Un mois après la tempête du siècle, le premier bilan des conséquences financières du sinistre s'avère très lourd : la fédération départementale de l'industrie hôtelière vosgienne chiffre à 25 millions de francs le montant des pertes non assurables subies par la profession. La tempête qui a ravagé la forêt a certes causé des dommages matériels aux toitures, enseignes et volets, mais le principal préjudice provient de la coupure de courant de six jours qui, intervenant au pire moment, a littéralement vidé les hôtels qui affichaient pourtant complet. Souvent persuadés d'être indemnisés pour leur manque à gagner, les hôteliers ont appris à leurs dépens l'existence d'un alinéa de leur garantie "perte d'exploitation" : celle-ci n'est valable que si elle comporte l'option "perte d'exploitation liée à la carence d'un fournisseur". Encore faut-il que la close spécifie le risque lié à la carence du fournisseur d'énergie ou, du moins, qu'elle ne l'exclue pas. "Une coupure de courant aussi grave que celle du mois de décembre ne s'était jamais produite en temps de paix.
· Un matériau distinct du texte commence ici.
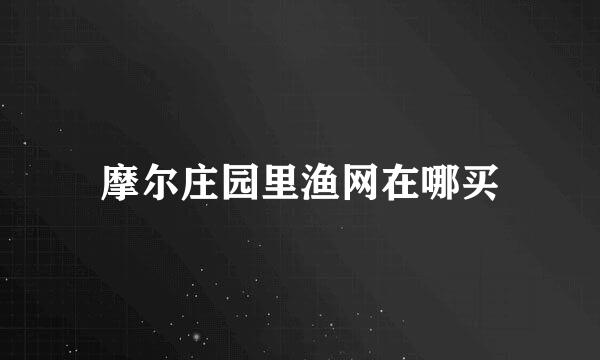 摩尔庄园里渔网在哪买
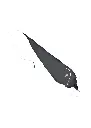 Hodge Oboe 2.webp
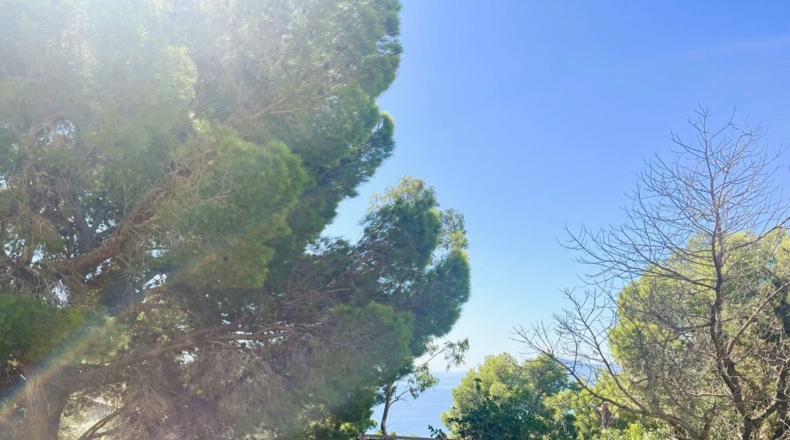 Alicante - Altea - 1310m2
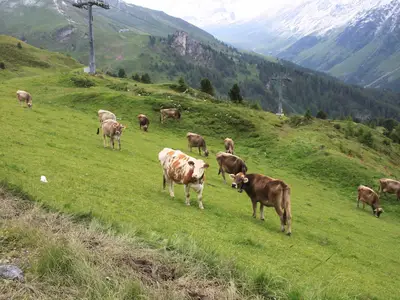 Alpsommer auf der Idalpe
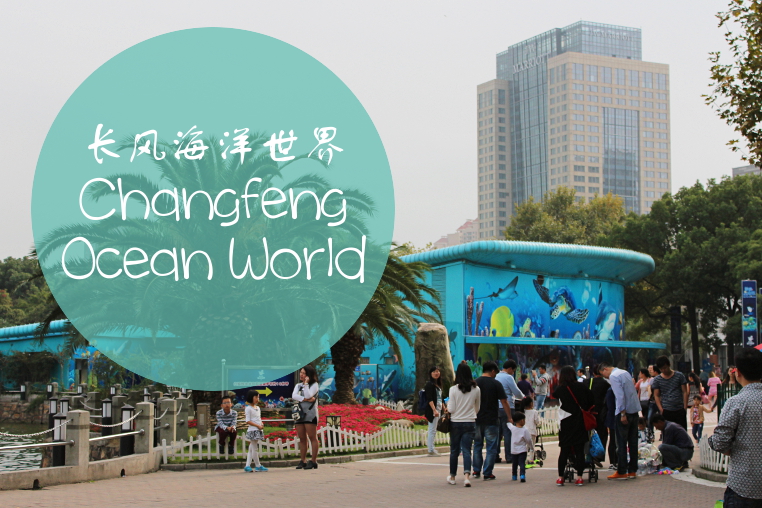 Changfeng Ocean World, Shanghai, China, Aquarium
Les entreprises vosgiennes, dont 35 % seulement ont souscrit une assurance perte d'exploitation, n'ont pratiquement jamais jugé utile de se garantir contre la carence d'EDF. N'étant pas assurés contre ce type de sinistre, les hôteliers vosgiens ne peuvent malheureusement pas prétendre à une indemnisation", explique Jean-Jacques Mouriot, assureur à Epinal et délégué régional du Centre de documentation et d'information de l'assurance (CDIA).
Perte de 7 à 8 % du CA
Entre 300 et 400 professionnels, essentiellement regroupés dans la région de Gérardmer,
risquent donc d'en être pour leurs frais. "En une semaine, j'ai perdu entre 7 et
8 % de mon chiffre d'affaires annuel. Les fêtes s'annonçaient pourtant bien, avec 21
clients le 26 décembre au matin et autant de réservations pour le réveillon du nouvel
an. Le 26 au matin, les clients sidérés ont vu des sapins de 30 mètres se coucher sur
la route. Nous avons allumé des bougies, mais il n'y avait rien à faire pour rétablir
le chauffage. Le lundi matin, tout le monde était parti", raconte Lionel
Davidhorter, gérant du deux étoiles Gérard d'Alsace à Gérardmer. Impressionnés par
les images de la télévision ou retenus chez eux par les intempéries qu'ils avaient
eux-mêmes subies, la plupart des clients attendus pour le réveillon ont décommandé. Le
31 décembre, l'établissement n'accueillait que 13 personnes. L'hôtelier espère à
présent un geste commercial de la compagnie Zurich pour indemniser son préjudice.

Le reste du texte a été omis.